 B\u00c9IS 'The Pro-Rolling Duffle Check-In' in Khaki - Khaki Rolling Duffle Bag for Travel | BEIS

==

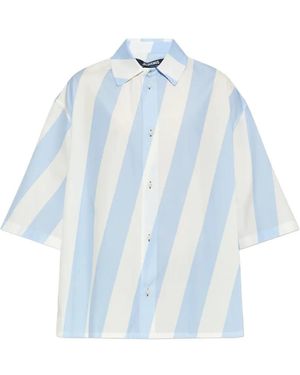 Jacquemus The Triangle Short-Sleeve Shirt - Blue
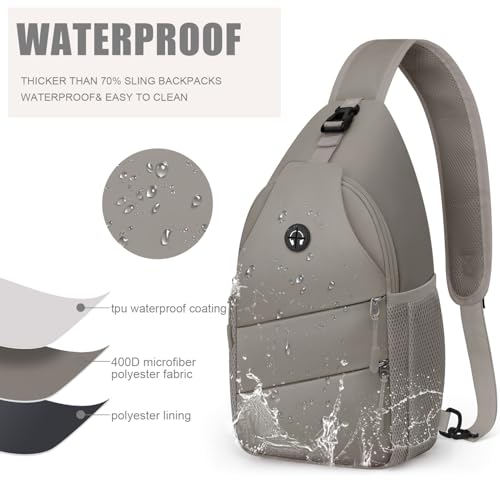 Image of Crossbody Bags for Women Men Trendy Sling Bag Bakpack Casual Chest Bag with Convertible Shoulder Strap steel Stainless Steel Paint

==

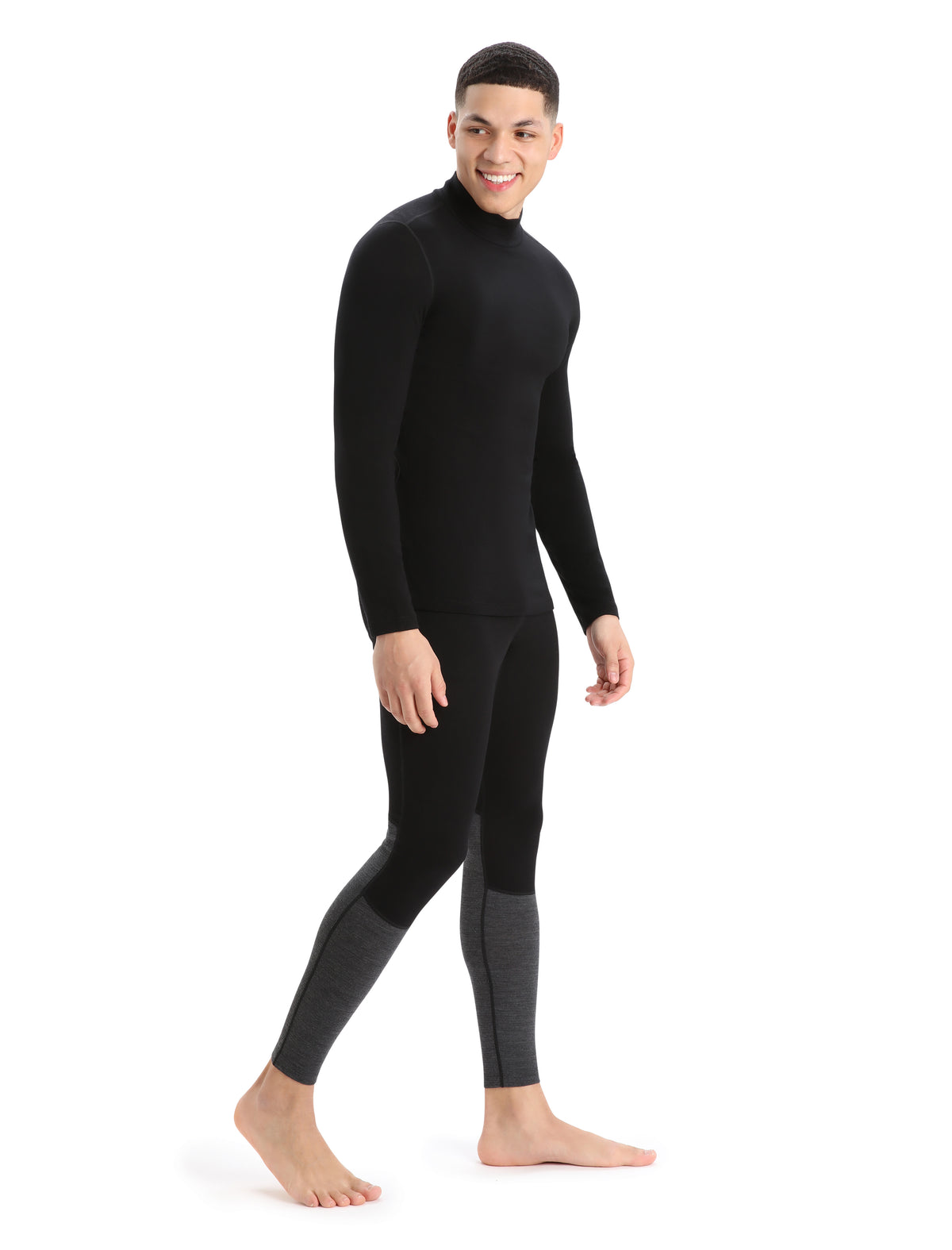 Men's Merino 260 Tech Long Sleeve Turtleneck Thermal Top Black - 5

• Task: Write back word for word every line in the entries above from the one with "Jacquemus The Triangle" to the one with "Image of Crossbody", ends included, and none of the pictures.

• Response to this task:
 Jacquemus The Triangle Short-Sleeve Shirt - Blue
 Image of Crossbody Bags for Women Men Trendy Sling Bag Bakpack Casual Chest Bag with Convertible Shoulder Strap steel Stainless Steel Paint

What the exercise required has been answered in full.